ERISA .  The Employee Retirement Income Security Act of 1974.

ERISA Affiliate .  Any Person which is treated as a single employer with any of the Borrowers under §414 of the Code.

ERISA Reportable Event .  A reportable event with respect to a Guaranteed Pension Plan within the meaning of §4043 of ERISA and the regulations promulgated thereunder.

Escrow Agreement .  The Escrow Agreement, dated as of August 21, 2006, by and among J.P. Morgan Trust Company, National Association, as Escrow Agent thereunder, Real Mex, Parent and Sellers.

ETFI .  As defined in the preamble hereto.

ETRI .  As defined in the preamble hereto.

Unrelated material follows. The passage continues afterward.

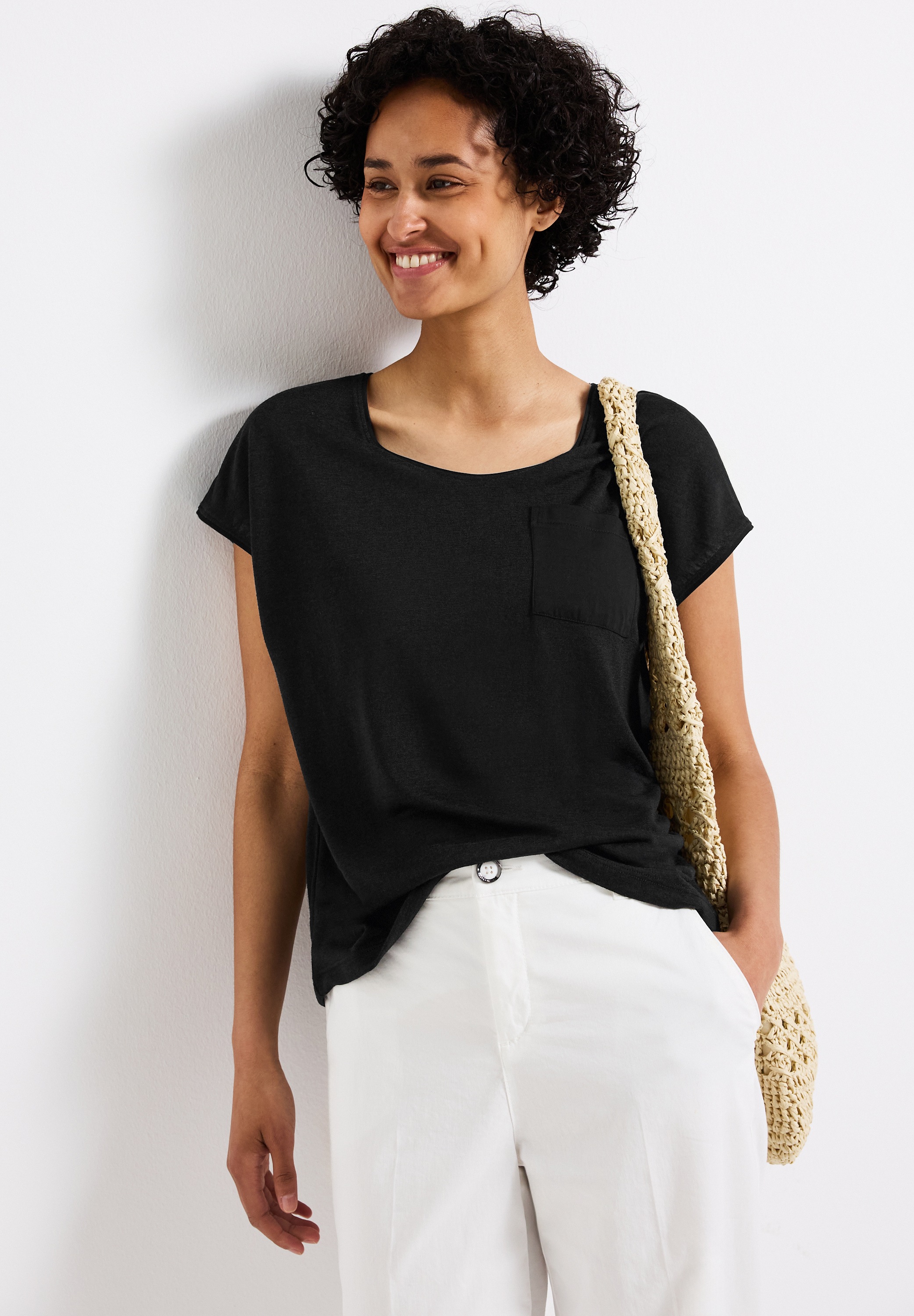 STREET ONE T-Shirt, im Leinen-Look und mit Brusttasche+ö günstig online kaufen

Eurocurrency Reserve Requirements .  For any Interest Period and for any Eurodollar Rate Loan, a rate per annum equal to the aggregate, without duplication, of the maximum rates (expressed as a decimal number) of reserve requirements in effect 2 Business Days prior to the first day of such Interest Period (including basic, supplemental, marginal and emergency reserves) under any regulations of the Federal Reserve Board or other governmental agency or authority having jurisdiction with respect thereto dealing with reserve requirements prescribed for eurocurrency funding (currently referred to as “eurocurrency liabilities” in Regulation D of the Federal Reserve Board) maintained by a member bank of the United States Federal Reserve System.

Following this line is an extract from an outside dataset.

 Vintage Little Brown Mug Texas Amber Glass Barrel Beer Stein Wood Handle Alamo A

Eurodollar Business Day .  Any day on which commercial banks are open for international business (including dealings in Dollar deposits) in London or such other eurodollar interbank market as may be selected by the Agent in its sole discretion acting in good faith.

Eurodollar Lending Office .  Initially, the office of each Lender designated as such in Schedule 1 hereto; thereafter, such other office of such Lender, if any, that shall be making or maintaining Eurodollar Rate Loans.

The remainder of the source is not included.